I would add this one to my collection. Almost white.


----------



## Phrag-Plus (Nov 5, 2010)

Wow! Very nice Eric! I like it too!


----------



## phrag guy (Nov 5, 2010)

I like it alot also


----------



## Chuck (Nov 5, 2010)

May I ask how long the bloom had been open when the photo was taken?


----------



## John M (Nov 5, 2010)

This is quite beautiful! But, I'm shocked that you actually own a non-red Phrag! LOL! It's got nice, horizontal petals and wonderful, soft colour. I was surprised to see the lack of "fuzzy eyebrows" on the staminode sheild; but, after searching for others on Phragweb, they do seem to disappear in this cross. BTW: Dot has some nice photos of this cross on Phragweb.


----------



## NYEric (Nov 5, 2010)

John M said:


> This is quite beautiful! But, I'm shocked that you actually own a non-red Phrag! LOL! .


Actually I have a lot of light color and flavum besseae crosses. The latest foto is after about 8 days and it's gotten less green than it was.


----------



## SlipperFan (Nov 5, 2010)

Very unusual color, Eric. Did you dye it??? oke:



John M said:


> This is quite beautiful! But, I'm shocked that you actually own a non-red Phrag! LOL! It's got nice, horizontal petals and wonderful, soft colour. I was surprised to see the lack of "fuzzy eyebrows" on the staminode sheild; but, after searching for others on Phragweb, they do seem to disappear in this cross. BTW: Dot has some nice photos of this cross on Phragweb.


Thanks, John. I wish I had kept some of them!


----------



## wojtek (Nov 6, 2010)

Eric, I want one


----------



## FlowerFaerie (Nov 6, 2010)

There's only one thing I can say - WOW!!!


----------



## goldenrose (Nov 9, 2010)

:clap::clap: COOOL!! & refreshing !!:drool::drool:


----------



## NYEric (Nov 9, 2010)

SlipperFan said:


> Very unusual color, Eric. Did you dye it??? oke:


No Silly, bleached!


----------



## SlipperFan (Nov 9, 2010)

NYEric said:


> No Silly, bleached!


:rollhappy:


----------



## Clark (Nov 10, 2010)

Very nice!
Does this plant offer more than one flower per spike?
Thank you.


----------



## NYEric (Nov 10, 2010)

It's sequential blooming.


----------



## NYEric (Nov 27, 2010)

update


----------



## Roy (Nov 27, 2010)

Still not red .....


----------



## NYEric (Nov 27, 2010)

!!!


----------



## Roy (Nov 28, 2010)

This flower or photo shows it better, not bad at all Eric.


----------



## NYEric (Nov 28, 2010)

Thanx.

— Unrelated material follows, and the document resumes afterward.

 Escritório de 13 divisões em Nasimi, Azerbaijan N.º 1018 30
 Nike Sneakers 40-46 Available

This one is a really good one. I hve a few more I will work on to get in better shape.


----------



## JeanLux (Nov 28, 2010)

I do like that color!!!!

And still buds coming! Which is the one above the left petal tip? Jean


----------



## paphreek (Nov 28, 2010)

I really like this picture. Good photo. Do I detect a slight yellow to the color, or is that a result of the light?


----------



## Yoyo_Jo (Nov 28, 2010)

That's beautiful Eric! And good photo too. :clap:


----------



## toddybear (Nov 28, 2010)

Wow...practically an alba! ranks up with niveum!


----------



## NYEric (Nov 28, 2010)

paphreek said:


> I really like this picture. Good photo. Do I detect a slight yellow to the color, or is that a result of the light?



Yes, it is a very solid light yellow.


----------



## NYEric (Nov 28, 2010)

JeanLux said:


> I do like that color!!!!
> 
> And still buds coming! Which is the one above the left petal tip? Jean



Yes, it is a very solid light yellow. The next bud just bloomed and again it's a very pale green, almost white. 

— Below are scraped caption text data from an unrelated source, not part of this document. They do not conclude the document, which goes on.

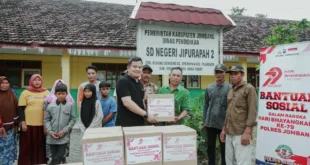 Kapolres Jombang Salurkan Bansos kepada Warga Dusun Kedungdendeng dan Guru Yang Mengajar di Pelosok Hutan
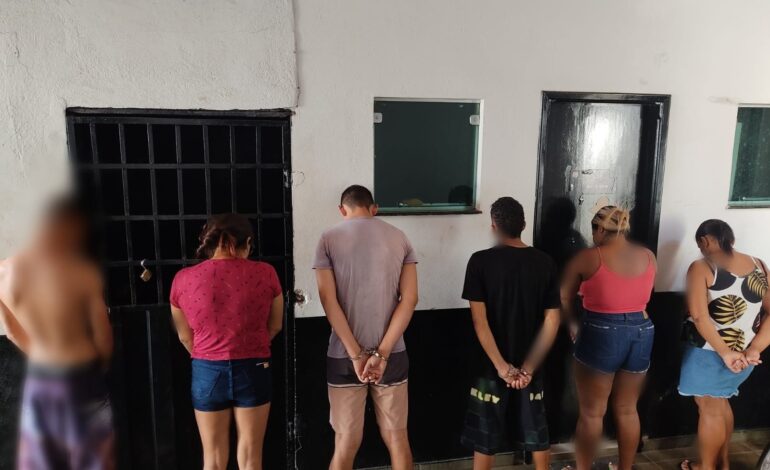 cinco-pessoas-sao-presas-e-um-adolescente-apreendido-suspeitos-de-trafico-de-drogas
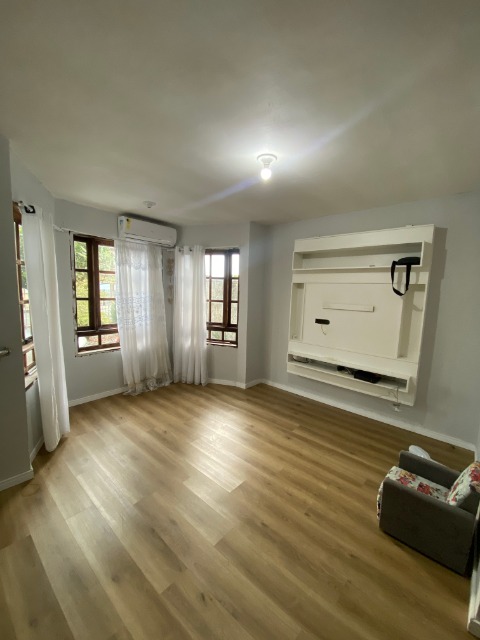 Casa à venda com 2 quartos, 360m² - Foto 2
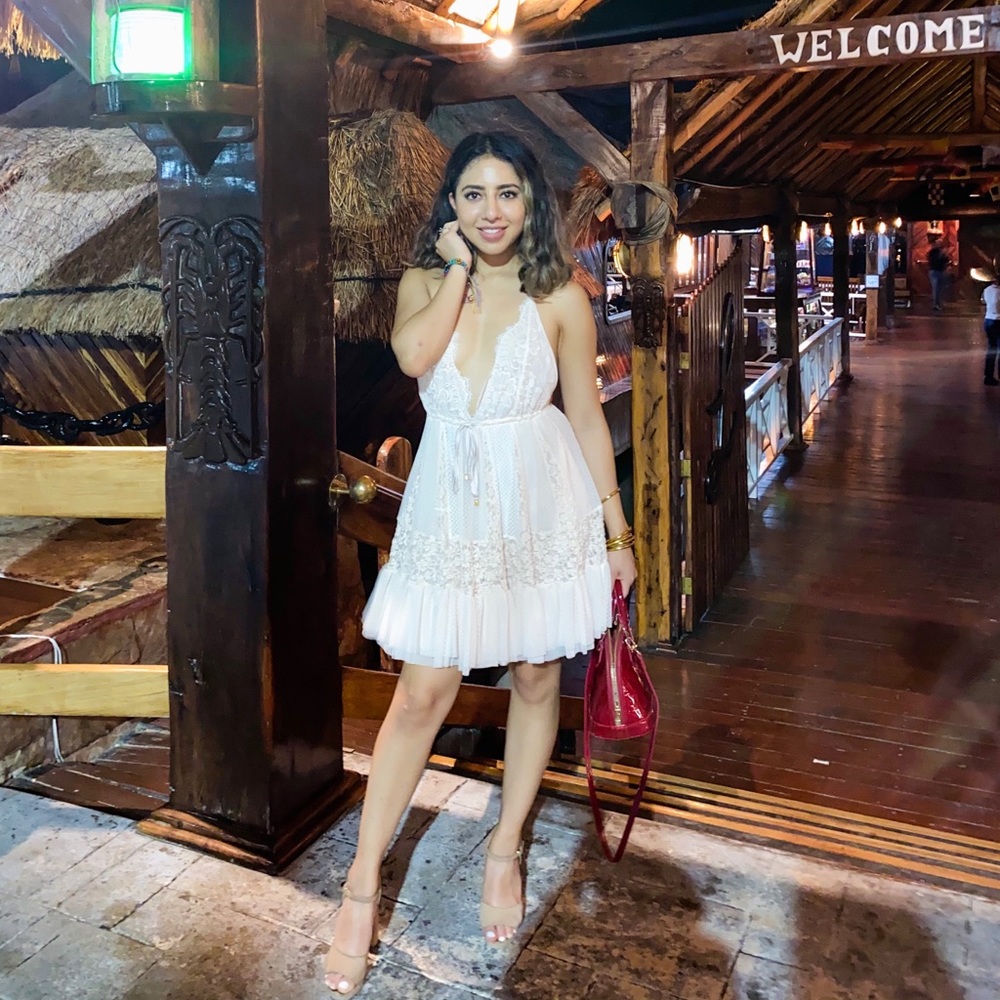 Meet your Posher, Julia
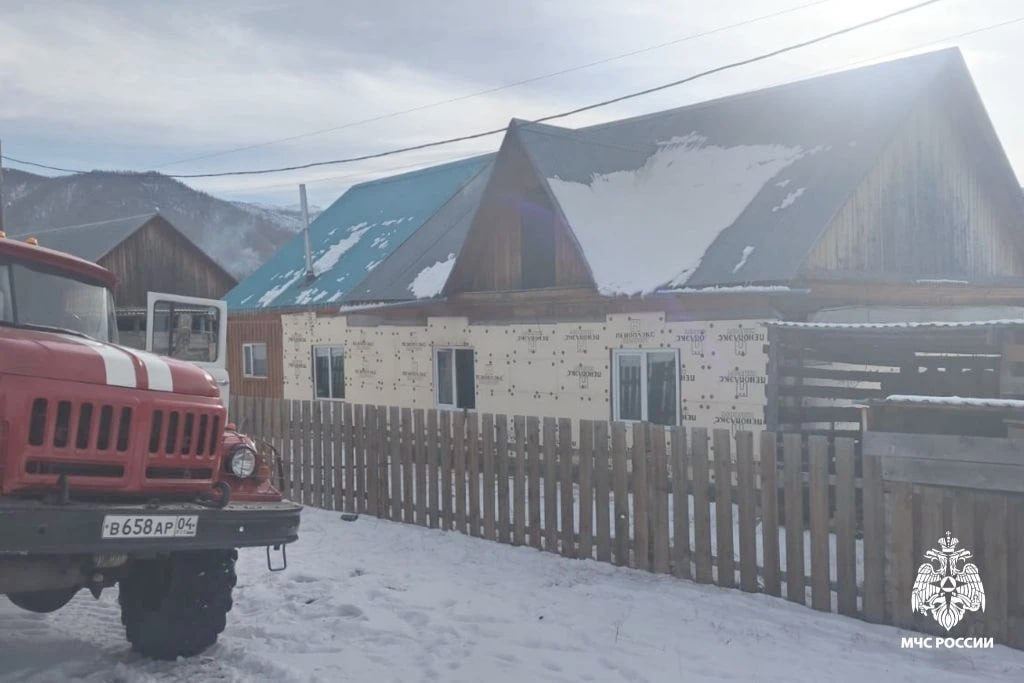 За минувшие сутки в Кош-Агачском районе произошло два пожара:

JeanLux - the other bud is Rosy Charm by Barbara LeAnn. After the photo I knock the bud off - for a second time!


----------



## SlipperFan (Nov 29, 2010)

NYEric said:


> ... After the photo I knock the bud off - for a second time!



I hate when that happens! And it seems to happen too often.


----------



## SlipperKing (Nov 30, 2010)

NYEric said:


> Yes, it is a very solid light yellow. The next bud just bloomed and again it's a very pale green, almost white.
> 
> JeanLux - the other bud is Rosy Charm by Barbara LeAnn. *After the photo I knock the bud off - for a second time! *



That's a clear indication you need *more room!*


----------



## NYEric (Nov 30, 2010)

NO, I was messing with them because they seemed too tight and POP! right off!


----------



## Chuck (Nov 30, 2010)

That's a nice flower.


----------



## NYEric (Nov 30, 2010)

Thanx.


----------